** Task item **
Below are entries with pictures in them. Output exactly the lines starting at the line with "Used 2019 RAM 3500 Big Horn AWD/4WD image 8" and ending at the line with "ચાલકની તસવીર) સુરતના", both included, but not the pictures.

** Records **
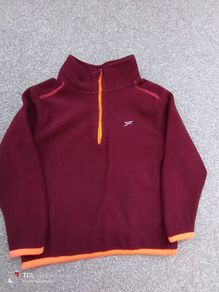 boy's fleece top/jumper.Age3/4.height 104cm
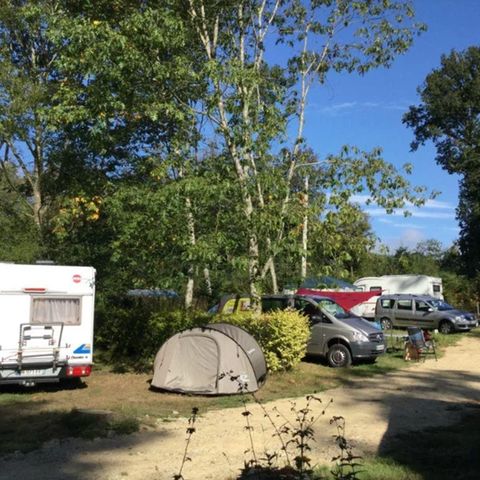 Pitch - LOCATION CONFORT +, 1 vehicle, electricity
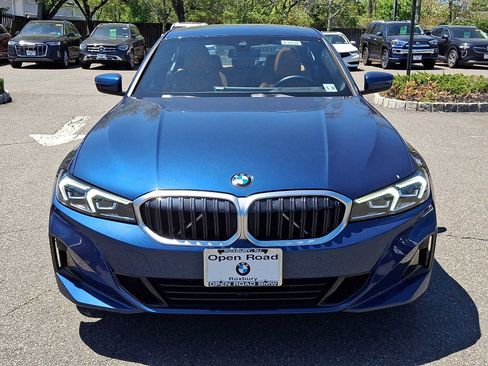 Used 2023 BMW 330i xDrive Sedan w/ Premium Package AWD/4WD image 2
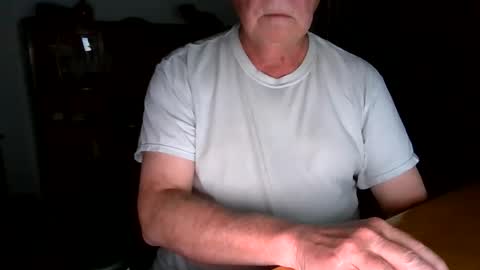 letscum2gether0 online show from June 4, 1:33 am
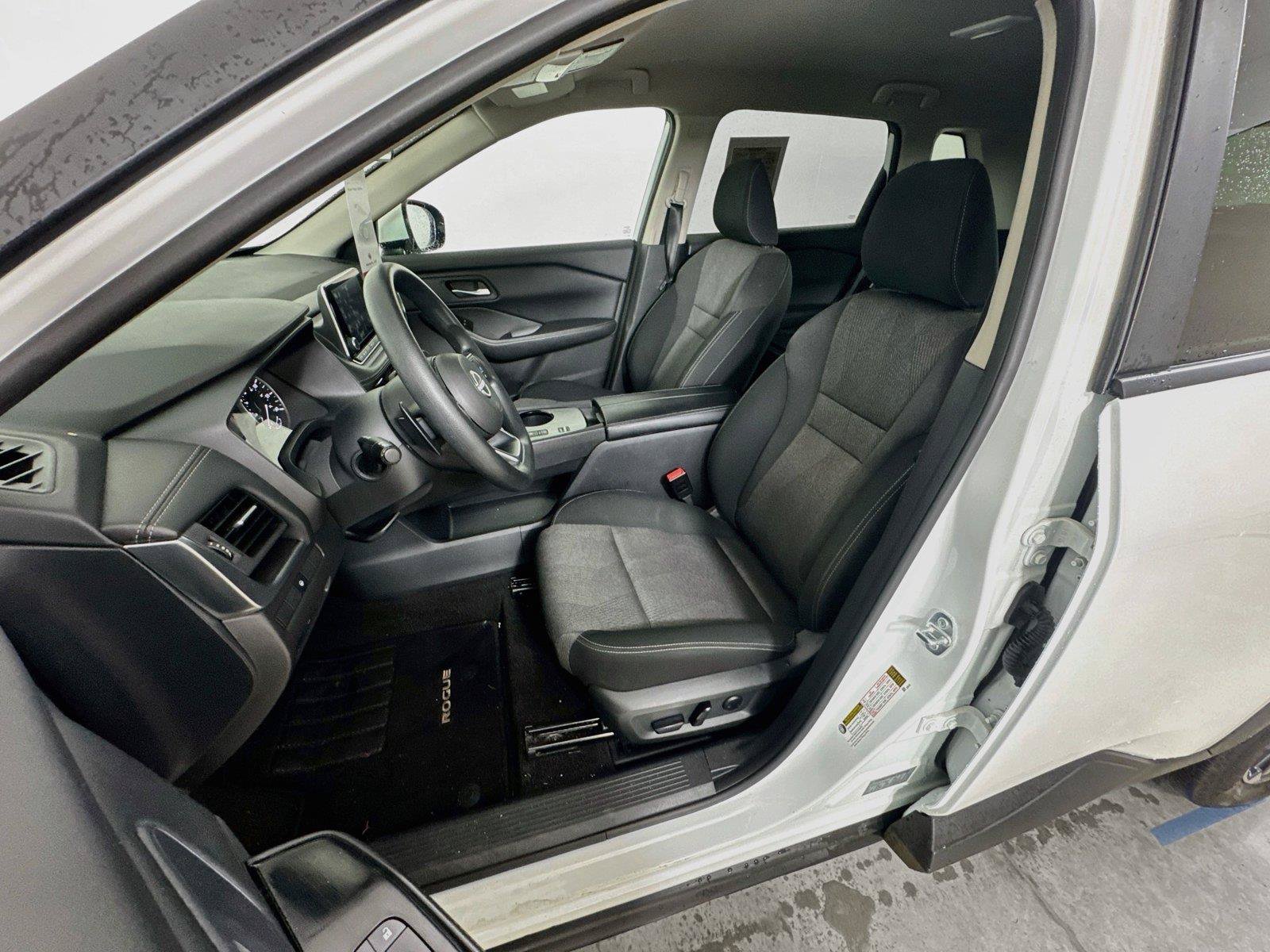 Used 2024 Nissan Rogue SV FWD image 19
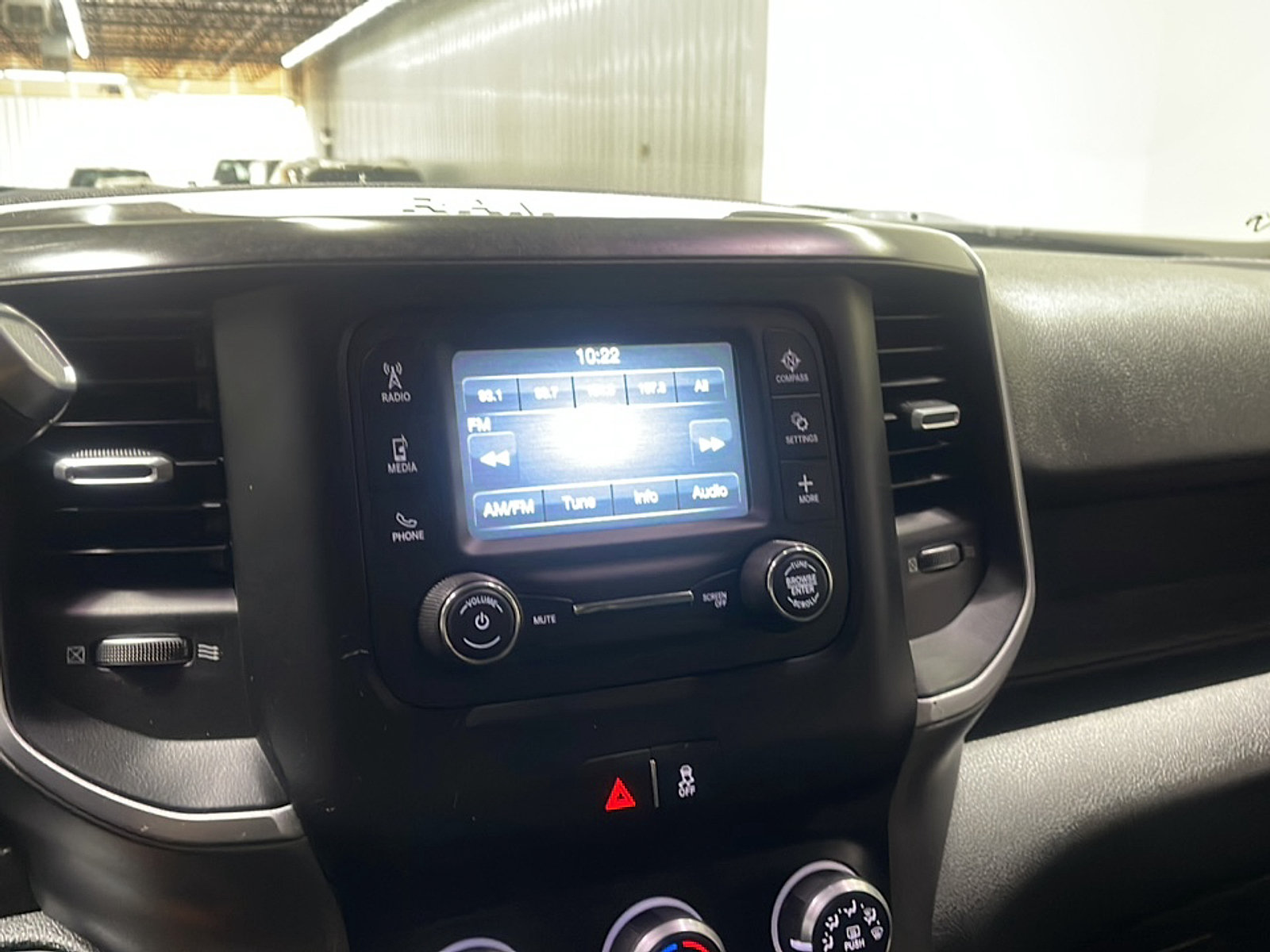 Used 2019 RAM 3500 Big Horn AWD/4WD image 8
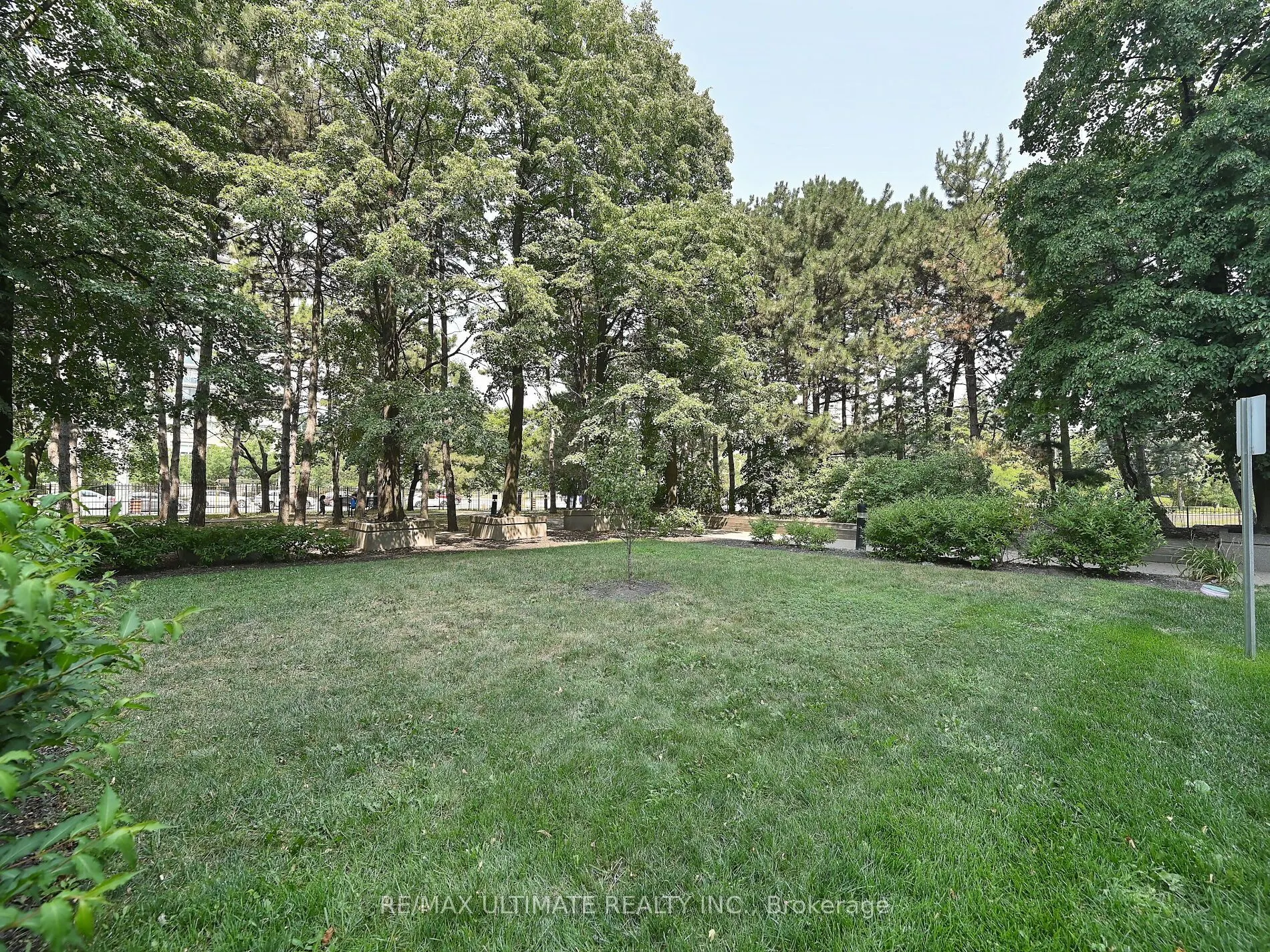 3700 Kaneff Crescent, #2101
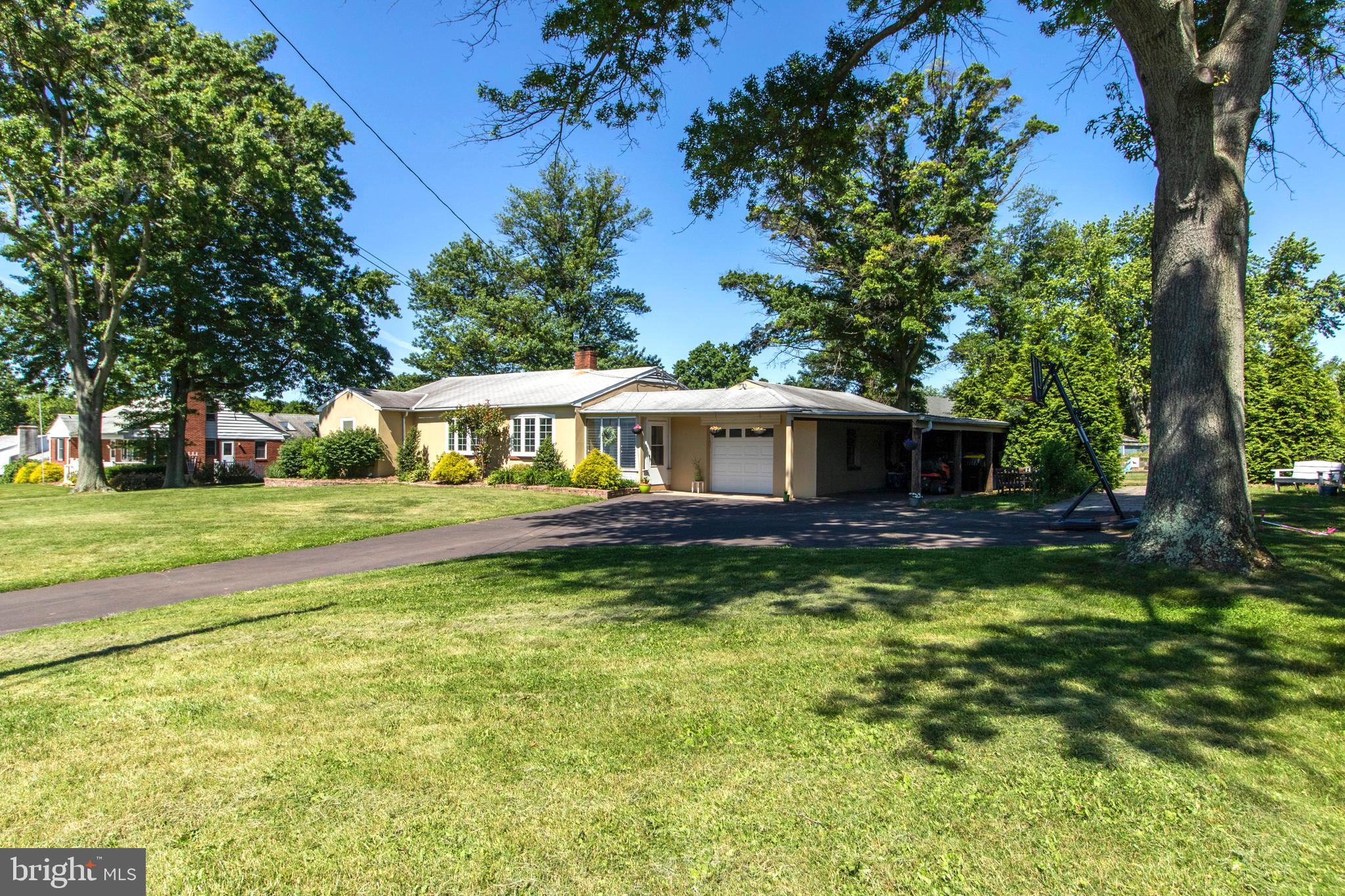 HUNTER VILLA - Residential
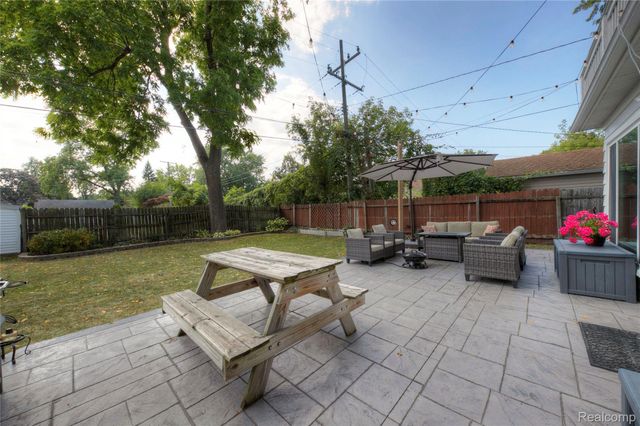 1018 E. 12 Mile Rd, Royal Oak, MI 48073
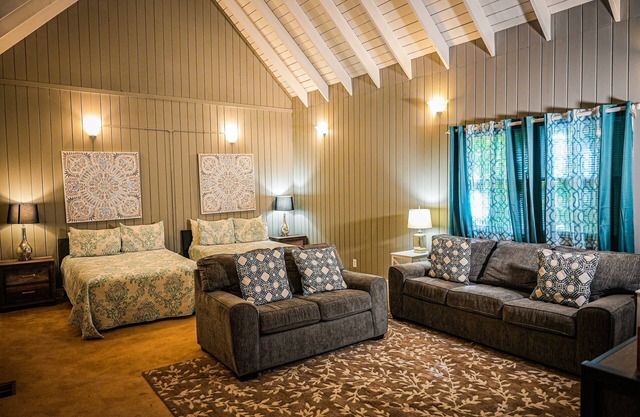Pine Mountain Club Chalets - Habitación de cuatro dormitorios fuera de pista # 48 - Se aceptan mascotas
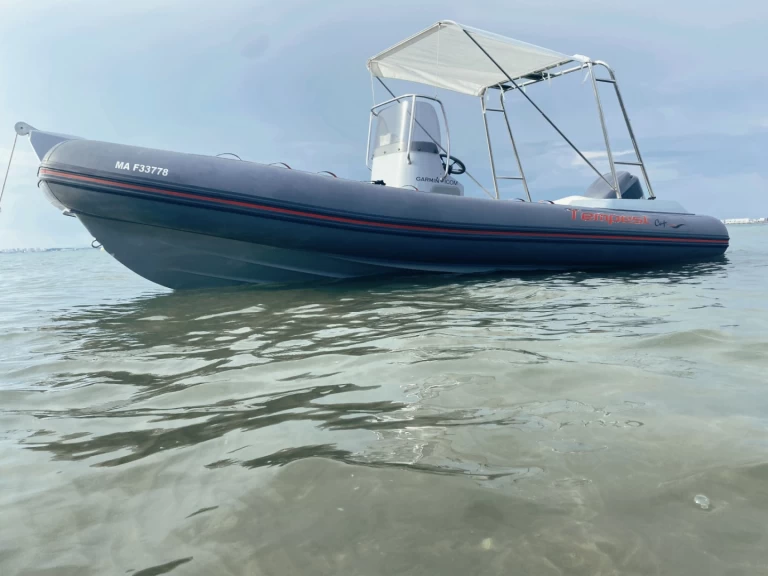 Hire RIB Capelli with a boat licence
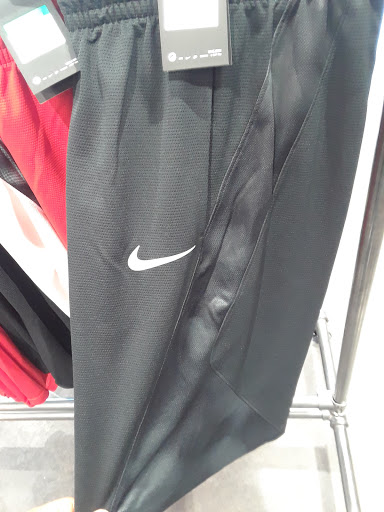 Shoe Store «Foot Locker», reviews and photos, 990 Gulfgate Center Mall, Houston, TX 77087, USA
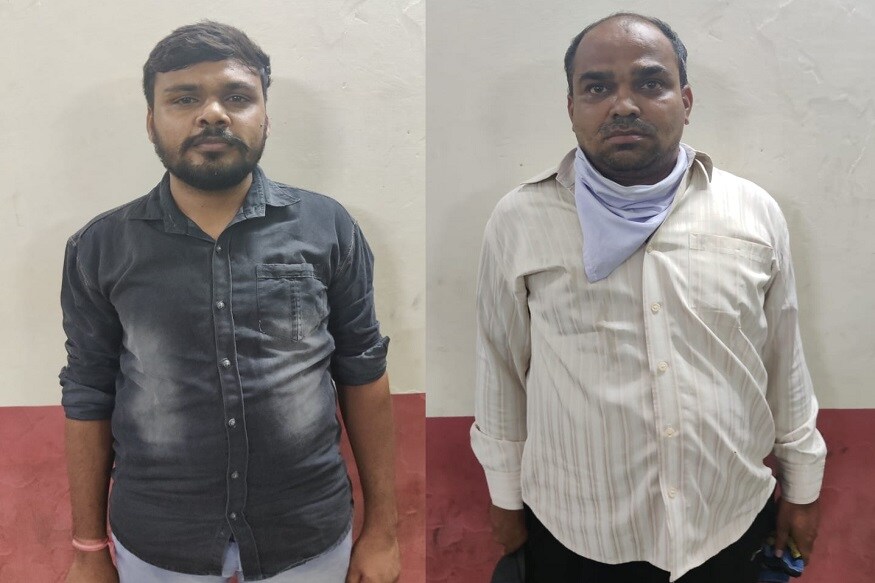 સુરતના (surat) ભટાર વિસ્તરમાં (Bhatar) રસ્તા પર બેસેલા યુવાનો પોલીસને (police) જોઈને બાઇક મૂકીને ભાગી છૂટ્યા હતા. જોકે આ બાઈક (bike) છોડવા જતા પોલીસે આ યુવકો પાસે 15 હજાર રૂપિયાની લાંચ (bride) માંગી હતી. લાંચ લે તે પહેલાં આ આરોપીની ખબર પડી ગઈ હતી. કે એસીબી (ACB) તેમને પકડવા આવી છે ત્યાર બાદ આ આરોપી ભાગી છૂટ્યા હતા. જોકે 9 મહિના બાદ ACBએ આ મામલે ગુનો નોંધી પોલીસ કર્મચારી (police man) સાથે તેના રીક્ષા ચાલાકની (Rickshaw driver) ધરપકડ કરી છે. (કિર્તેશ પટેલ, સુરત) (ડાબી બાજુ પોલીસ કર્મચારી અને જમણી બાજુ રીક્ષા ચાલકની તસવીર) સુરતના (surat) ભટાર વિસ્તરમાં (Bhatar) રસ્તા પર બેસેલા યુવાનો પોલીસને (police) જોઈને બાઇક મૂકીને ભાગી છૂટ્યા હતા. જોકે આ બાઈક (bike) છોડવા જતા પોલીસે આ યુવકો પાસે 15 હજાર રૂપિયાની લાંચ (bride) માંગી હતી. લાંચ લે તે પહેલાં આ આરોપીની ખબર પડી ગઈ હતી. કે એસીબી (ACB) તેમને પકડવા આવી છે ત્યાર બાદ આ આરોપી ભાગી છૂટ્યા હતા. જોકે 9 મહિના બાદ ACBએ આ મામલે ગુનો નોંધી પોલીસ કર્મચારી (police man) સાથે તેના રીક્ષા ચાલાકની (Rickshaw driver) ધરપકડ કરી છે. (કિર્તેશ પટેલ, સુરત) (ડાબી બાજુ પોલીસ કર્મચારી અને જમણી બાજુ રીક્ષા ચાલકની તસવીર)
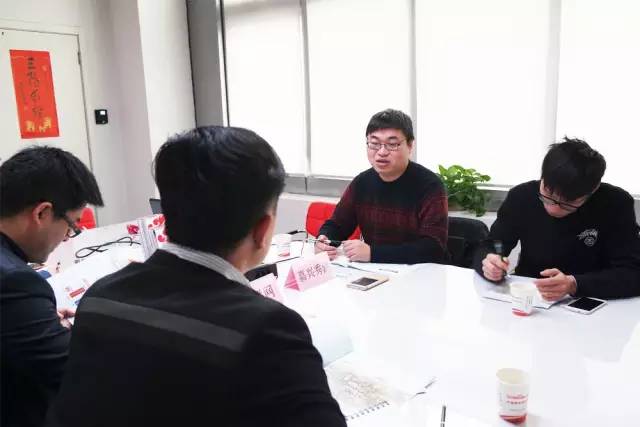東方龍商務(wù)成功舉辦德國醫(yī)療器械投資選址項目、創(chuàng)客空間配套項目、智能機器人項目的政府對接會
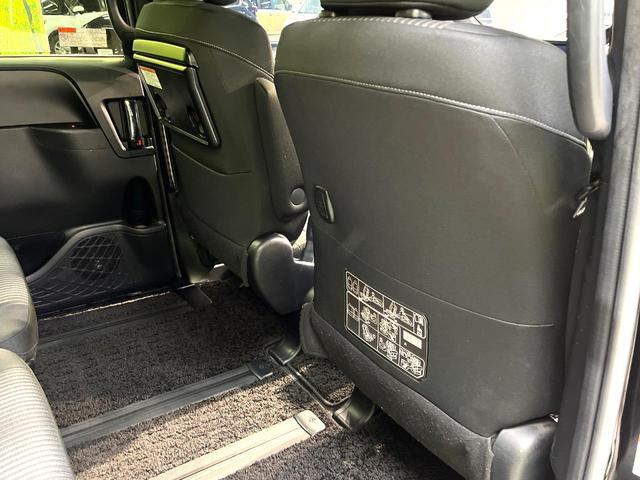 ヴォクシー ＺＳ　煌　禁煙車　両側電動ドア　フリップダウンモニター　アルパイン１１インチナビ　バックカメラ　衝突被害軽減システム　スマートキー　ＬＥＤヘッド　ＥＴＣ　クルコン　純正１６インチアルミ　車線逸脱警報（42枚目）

** Answer to this exercise **
 Used 2019 RAM 3500 Big Horn AWD/4WD image 8
 3700 Kaneff Crescent, #2101
 HUNTER VILLA - Residential
 1018 E. 12 Mile Rd, Royal Oak, MI 48073
Pine Mountain Club Chalets - Habitación de cuatro dormitorios fuera de pista # 48 - Se aceptan mascotas
 Hire RIB Capelli with a boat licence
 Shoe Store «Foot Locker», reviews and photos, 990 Gulfgate Center Mall, Houston, TX 77087, USA
 સુરતના (surat) ભટાર વિસ્તરમાં (Bhatar) રસ્તા પર બેસેલા યુવાનો પોલીસને (police) જોઈને બાઇક મૂકીને ભાગી છૂટ્યા હતા. જોકે આ બાઈક (bike) છોડવા જતા પોલીસે આ યુવકો પાસે 15 હજાર રૂપિયાની લાંચ (bride) માંગી હતી. લાંચ લે તે પહેલાં આ આરોપીની ખબર પડી ગઈ હતી. કે એસીબી (ACB) તેમને પકડવા આવી છે ત્યાર બાદ આ આરોપી ભાગી છૂટ્યા હતા. જોકે 9 મહિના બાદ ACBએ આ મામલે ગુનો નોંધી પોલીસ કર્મચારી (police man) સાથે તેના રીક્ષા ચાલાકની (Rickshaw driver) ધરપકડ કરી છે. (કિર્તેશ પટેલ, સુરત) (ડાબી બાજુ પોલીસ કર્મચારી અને જમણી બાજુ રીક્ષા ચાલકની તસવીર) સુરતના (surat) ભટાર વિસ્તરમાં (Bhatar) રસ્તા પર બેસેલા યુવાનો પોલીસને (police) જોઈને બાઇક મૂકીને ભાગી છૂટ્યા હતા. જોકે આ બાઈક (bike) છોડવા જતા પોલીસે આ યુવકો પાસે 15 હજાર રૂપિયાની લાંચ (bride) માંગી હતી. લાંચ લે તે પહેલાં આ આરોપીની ખબર પડી ગઈ હતી. કે એસીબી (ACB) તેમને પકડવા આવી છે ત્યાર બાદ આ આરોપી ભાગી છૂટ્યા હતા. જોકે 9 મહિના બાદ ACBએ આ મામલે ગુનો નોંધી પોલીસ કર્મચારી (police man) સાથે તેના રીક્ષા ચાલાકની (Rickshaw driver) ધરપકડ કરી છે. (કિર્તેશ પટેલ, સુરત) (ડાબી બાજુ પોલીસ કર્મચારી અને જમણી બાજુ રીક્ષા ચાલકની તસવીર)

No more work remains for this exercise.